*** Opening of Stored data ***

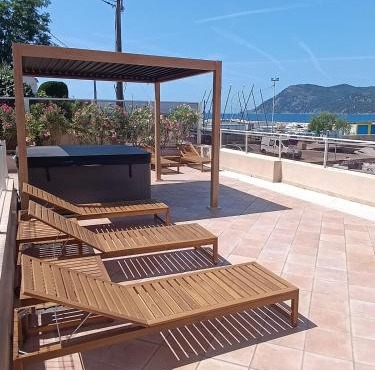 Villa Les Deux Sœurs Bord de mer et Jacuzzi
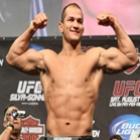 Vejam a Unica Vitoria de Junior Cigano o Campeão dos Pesos Pesados do UFC.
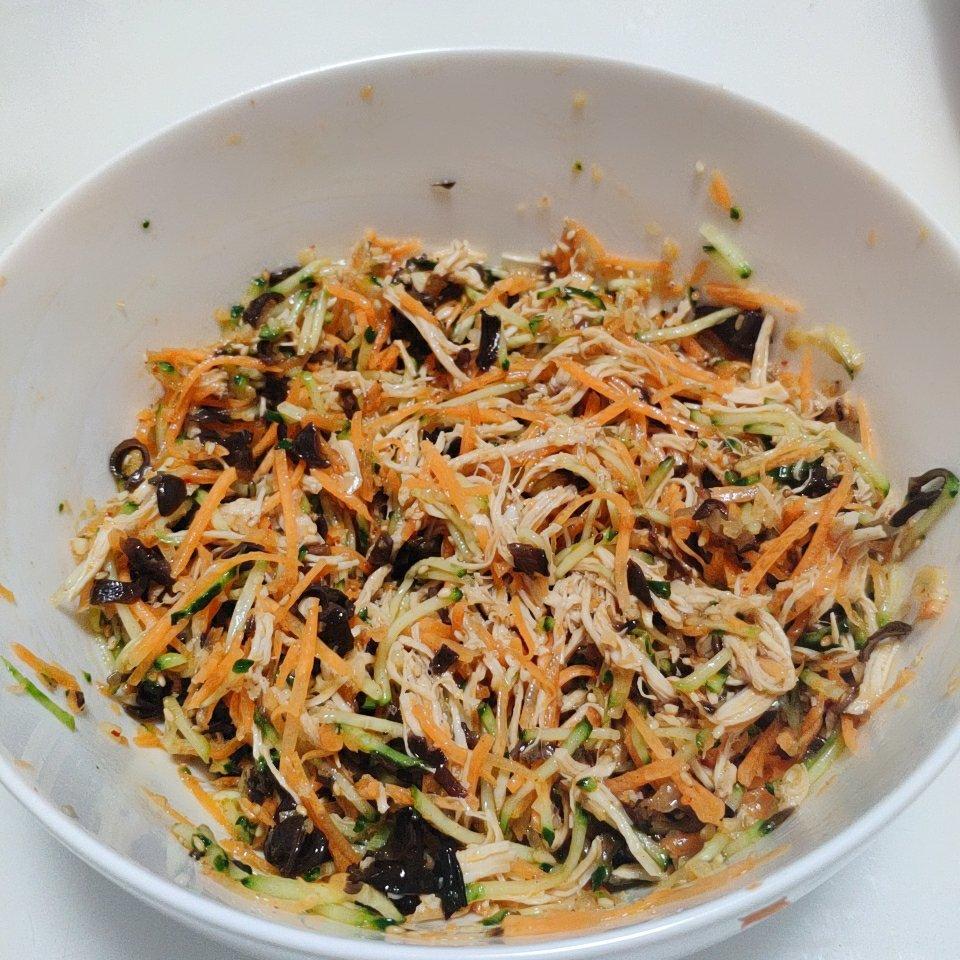 凉拌麻辣鸡丝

*** Close of Stored data ***

The answer should match the data above word for word, with no pictures in it.

**Reply**.
 Villa Les Deux Sœurs Bord de mer et Jacuzzi
 Vejam a Unica Vitoria de Junior Cigano o Campeão dos Pesos Pesados do UFC.
 凉拌麻辣鸡丝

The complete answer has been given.